Re: [PATCH v3 10/10] convert: add filter.<driver>.process option

Jakub Narębski <jnareb@xxxxxxxxx> · Sun, 31 Jul 2016 00:05:31 +0200

W dniu 30.07.2016 o 01:38, larsxschneider@xxxxxxxxx pisze:
> From: Lars Schneider <larsxschneider@xxxxxxxxx>
> 
> Git's clean/smudge mechanism invokes an external filter process for every
> single blob that is affected by a filter. If Git filters a lot of blobs
> then the startup time of the external filter processes can become a
> significant part of the overall Git execution time.
> 
> This patch adds the filter.<driver>.process string option which, if used,
> keeps the external filter process running and processes all blobs with
> the following packet format (pkt-line) based protocol over standard input
> and standard output.

I think it would be nice to have here at least summary of the benchmarks
you did in https://github.com/github/git-lfs/pull/1382

> 
> Git starts the filter on first usage and expects a welcome
> message, protocol version number, and filter capabilities
> separated by spaces:
> ------------------------
> packet:          git< git-filter-protocol\n
> packet:          git< version 2\n
> packet:          git< capabilities clean smudge\n

Sorry for going back and forth, but now I think that 'capabilities' are
not really needed here, though they are in line with "version" in
the second packet / line, namely "version 2".  If it does not make
parsing more difficult...

> ------------------------
> Supported filter capabilities are "clean", "smudge", "stream",
> and "shutdown".

I'd rather put "stream" and "shutdown" capabilities into separate
patches, for easier review.

> 
> Afterwards Git sends a command (based on the supported
> capabilities), the filename including its path
> relative to the repository root, the content size as ASCII number
> in bytes, the content split in zero or many pkt-line packets,
> and a flush packet at the end:

I guess the following is the most basic example, with mode detailed
description left for the documentation.

> ------------------------
> packet:          git> smudge\n
> packet:          git> filename=path/testfile.dat\n
> packet:          git> size=7\n

So I see you went with "<variable>=<value>" idea, rather than "<value>"
(with <variable> defined by position in a sequence of 'header' packets),
or "<variable> <value>..." that introductory header uses.

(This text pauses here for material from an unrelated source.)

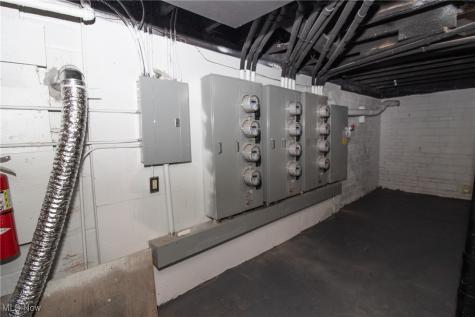 3296-3300 E 149th Street Cleveland OH 44120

> packet:          git> CONTENT
> packet:          git> 0000
> ------------------------
> 
> The filter is expected to respond with the result content size as
> ASCII number in bytes. If the capability "stream" is defined then
> the filter must not send the content size. Afterwards the result
> content in send in zero or many pkt-line packets and a flush packet
> at the end. 

If it does not cost filter anything, it could send size upfront
(based on size of original, or based on external data), even if
it is prepared for streaming.

In the opposite case, where filter cannot stream because it requires
whole contents upfront (e.g. to calculate hash of the contents, or
to do operation that needs whole file like sorting or reversing lines),
it should always be able to calculate the size... or not.  For
example 'sort | uniq' filter needs whole input upfront for sort,
but it does not know how many lines will be in output without doing
the 'uniq' part.

So I think the ability of filter to provide size (or size hint) of
its output should be decoupled from streaming support.

>             Finally a "success" packet is send to indicate that
> everything went well.

That's a nice addition, and probably a necessary one, to the stream
protocol.  Git must know and consume it - we wouldn't be able to
retrofit it later.

> ------------------------
> packet:          git< size=57\n   (omitted with capability "stream")

I was thinking about having possible responses to receiving file
contents (or starting receiving in the streaming case) to be:

  packet:          git< ok size=7\n    (or "ok 7\n", if size is known)

or

  packet:          git< ok\n           (if filter does not know size upfront)

or

  packet:          git< fail <msg>\n   (or just "fail" + packet with msg)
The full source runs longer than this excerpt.